This formula takes the absolute difference between the scores of the two teams, adds 1, and computes the base-10 logarithm of the result. This value is then cubed and 2 is added to the result to obtain the final value of the point factor.

FIGURE V: Point Factor | Chart by the author

Final Rating Calculation

After adjusting all the necessary variables, an improved formula was developed to calculate the new ranking of each player involved in a game.

Each player’s rating now takes into account their previous rating, the rating of their opponents, the impact of their teammates, their playing history, and the score of the game.
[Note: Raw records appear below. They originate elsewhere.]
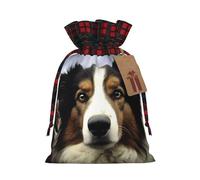 Drawstring Christmas Gift Bags with Tag Small Treat Goody Bags Reusable Gift Wrapping Sacks Pouches Xmas Presents Wrapping Bag Sheep Dog Candy Treat Bag for Party Favors Medium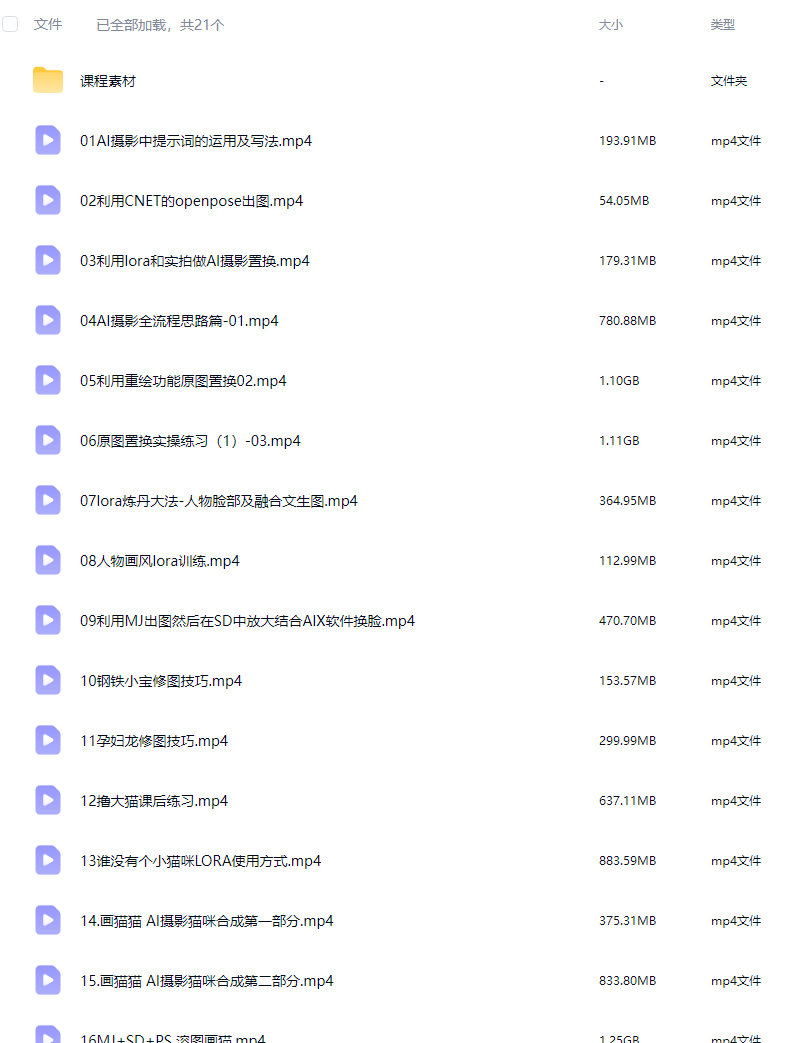 AI摄影高阶技法金在在AIGC2024【画质高清有大部分素材】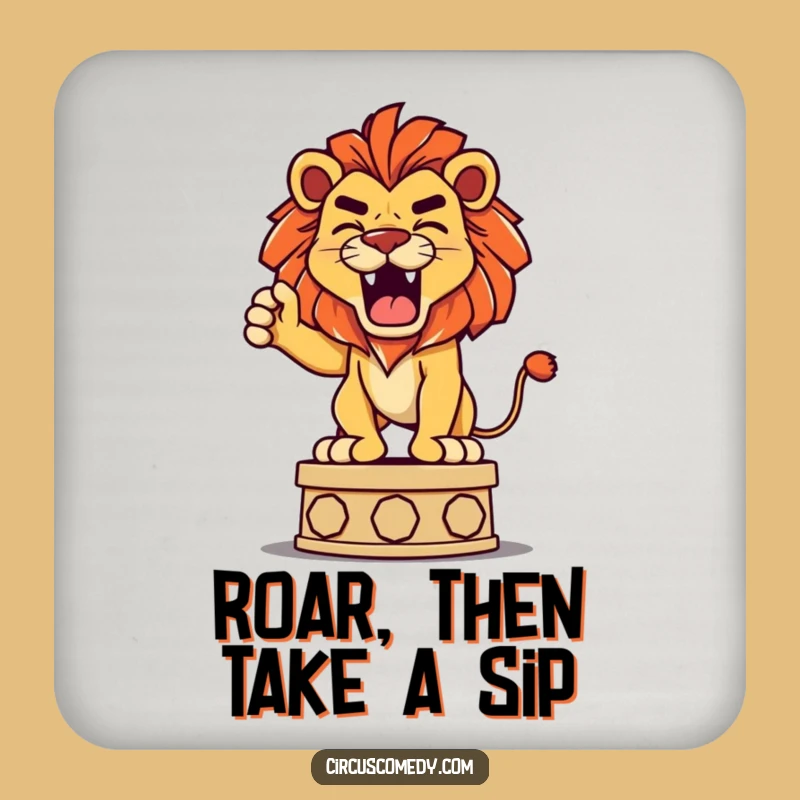 Funny Lion Roaring Coaster: Protect Surfaces with Regal Style, Gift!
This formula ensures that each player is rewarded according to their true performance, taking into account the fairness of each match.

Going off of the previous example, the new formula for player A’s ranking is the following:

This improved formula rewards players based on their actual performance, encourages risk taking and provides a more balanced rating system for both new and experienced players.

Now that we have an Elo algorithm, we can move on to database modeling.

The proposed database model adopts a relational approach, organizing data into interconnected tables through the use of Primary Keys (PKs) and Foreign Keys (FKs). This structured organization facilitates data management and analysis, making PostgreSQL an appropriate choice as the database management system. PKs and FKs help maintain data consistency and minimize redundancy within the database.

FIGURE VI: Diagram Model of the Database | Image by the author

Two types of relationships exist between tables in this database model: one-to-many and many-to-many.

The relationship between the ‘Player’ table and the ‘Match’ table is many-to-many since a player can participate in numerous matches, and multiple players can be involved in a single match. A junction table called ‘PlayerMatch’ bridges this relationship, containing two foreign keys: ‘player_id’ (referencing the participating player) and ‘match_id’ (referencing the corresponding match).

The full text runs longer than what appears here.